The problem of youth binge drinking is being thrashed out at a World Health Organisation conference in Auckland.
For the first time, the WHO is meeting to come up with a strategy to reduce alcohol harm, which is responsible for 5.5% of all disease and injury in Asia and the Pacific compared to just 4% globally.
China has seen youth drinking rates skyrocket 500% in the past two decades.
Dr Wang Xiangdong of the WHO says in some mental hospitals 60% to 80% of the beds are used for treatment for alcohol-related disorders.
Seventy percent of sexual assaults are linked to alcohol in some Pacific Island nations.
Drinking among young people, particularly among young women, is a problem everywhere now, says Dr Vladimir Poznyak of the WHO.
The WHO says alcohol is now public health enemy number two, behind tobacco, and too few countries are geared up to deal with the fallout.

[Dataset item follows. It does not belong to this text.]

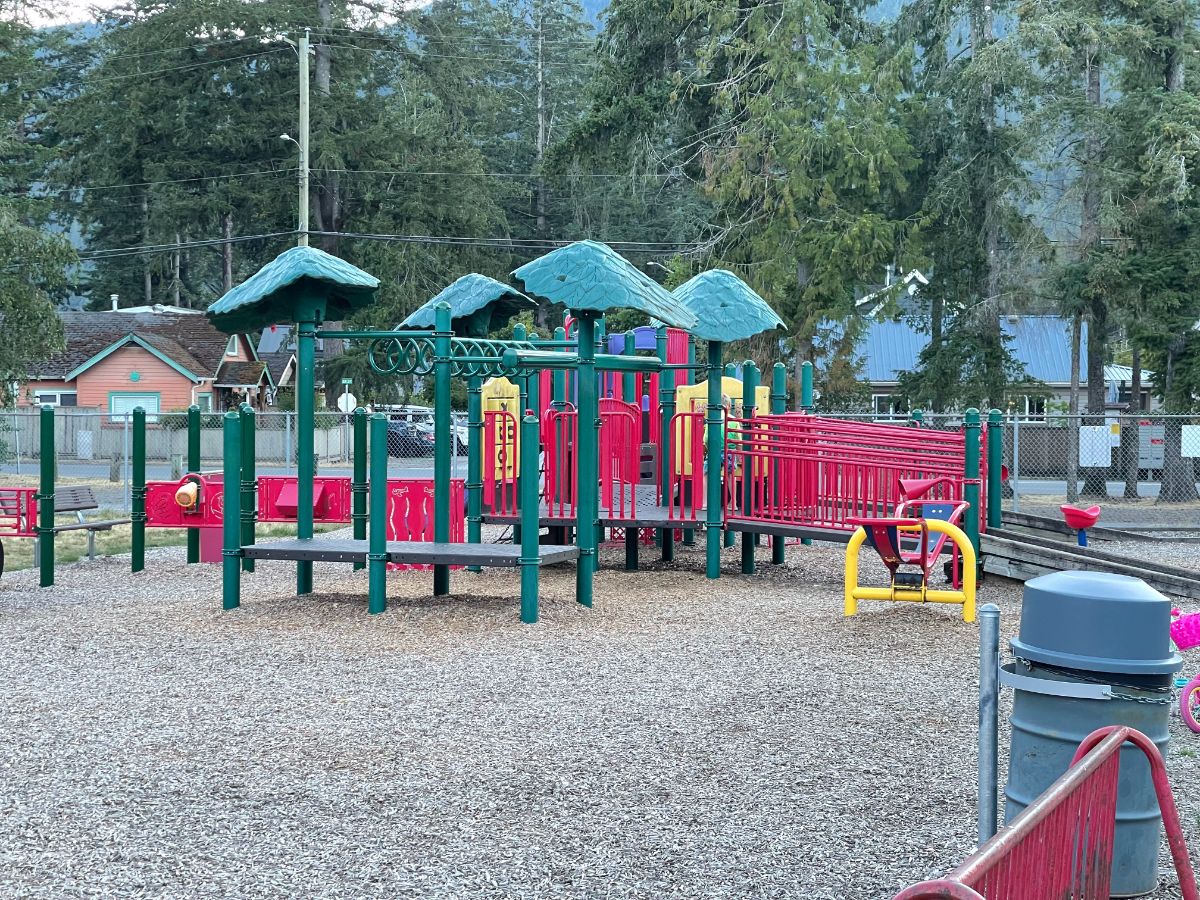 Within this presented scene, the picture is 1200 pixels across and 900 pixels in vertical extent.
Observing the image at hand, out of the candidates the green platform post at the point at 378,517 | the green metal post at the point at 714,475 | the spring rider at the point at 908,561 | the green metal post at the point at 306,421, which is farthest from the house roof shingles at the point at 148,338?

"Even in many developed countries the range of services available for people with alcohol use disorders is not very broad," says Poznyak.
But officials in New Zealand say this country's biggest battle is still the persistent drinking culture.
Dr Ashley Bloomfield of the Ministry of Health says New Zealand has a high level of condoning, or approving intoxication as a norm.
The WHO's growing alarm about a rising youth binge drinking culture, comes as New Zealand is debating the effects of lowering the drinking age.
A bill on the issue is before the Law and Order Select Committee, which is due to report back to parliament next month.